Na ausência dos anjos
Oestival caso Ricardo Robles revela-nos, entre outras lições, o caráter insubstituível do ensinamento dos clássicos. O problema central da política - antes da entrada em cena do ruidoso jargão especializado de economistas, juristas, sociólogos, politólogos, etc. - é de natureza subjetiva. Antes das coisas, o que é preciso pensar na política são as pessoas. Trata-se de um problema de pessoal, no duplo sentido: quem são os membros que constituem o corpo que designamos como político? Quem está mais bem habilitado para o desempenho de cargos públicos nesse corpo artificial? Sobre a primeira questão, importa recordar que qualquer entidade política constitui-se entre seres humanos, isto é, criaturas capazes de grandeza, mas também frágeis, inseguras, que preferem ser amparadas pela força da opinião alheia, mesmo que isso implique sacrificar a solidez de um juízo rigoroso ou a fidelidade a valores validados como universais. A granítica formulação de James Madison, em 1787, continua inabalável: se os homens fossem anjos, não seria necessário constituir qualquer espécie de governo, se os homens fossem governados por anjos, não seriam necessários quaisquer controlos externos ou internos sobre o governo... Da condição humana - sempre inclinada a ser condescendente com o abuso do interesse próprio e implacável para com o desvio alheio - segue-se que para os cargos de responsabilidade política não deveria servir qualquer um. A democracia, com pés no chão e de carne e osso, é o regime em que todos escolhem, mas poucos são os escolhidos. O problema central da qualidade da democracia é, assim, um problema de casting. A afinidade entre o problema da escolha de governantes e o da escolha de bons atores é matricial, pois tanto a democracia como o teatro foram criados, numa misteriosa simultaneidade, pelos atenienses de há 25 séculos!

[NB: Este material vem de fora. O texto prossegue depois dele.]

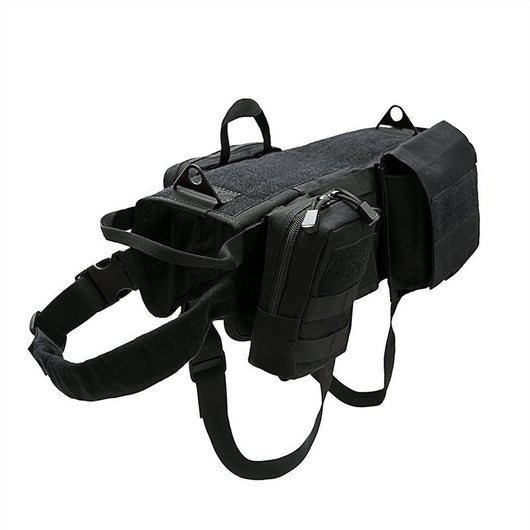 Chaleco Táctico Impermeable para Perros - Arnés K9 Entrenamiento Tallas S, M, L - Image 2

A democracia de Péricles foi ferida pela arrogância que levou à Guerra do Peloponeso. Contudo, o remédio seguinte, a abolição da democracia, limitou-se a agravar o problema, pois transformou os erros de casting em colossais tragédias coletivas. Como veio a repetir-se na Europa, quando sanguinários delinquentes profissionais, como Estaline e Hitler, se transformaram em tiranos perpétuos. O caso Robles mostra, pelo contrário, a força corretiva e o sortilégio pedagógico da democracia, que põe a nu o lenho retorcido de que somos feitos. Em escassos dias, sem alarde institucional, nem comissões de inquérito, apenas pelo trabalho da imprensa livre, talvez tenha sido possível resgatar, em regime de tempo integral para a esfera da iniciativa privada, um jovem e talentoso “empreendedor”, cuja vocação parece ter sido revelada na esfera do serviço público. No caso Robles ilustra-se também as virtudes catárticas do riso que, como escreveu Hannah Arendt, derruba toda a autoridade moral meramente aparente. Aqui a vítima foi Catarina Martins, compreendendo tardiamente por que contra gargalhadas não há argumentos. Mas também ela terá crescido, política e humanamente, com este episódio.
Para os leitores que se indignem por eu reduzir, pela força da lógica, também a um erro de casting a tragédia da maciça corrupção político-financeira que levou Portugal ao colapso declarado em 2011, de que ainda não saímos, a pergunta que lhes deixo é simples: será que todos fizemos, como cidadãos, o que deveria ter sido realizado para evitar essa queda no abismo?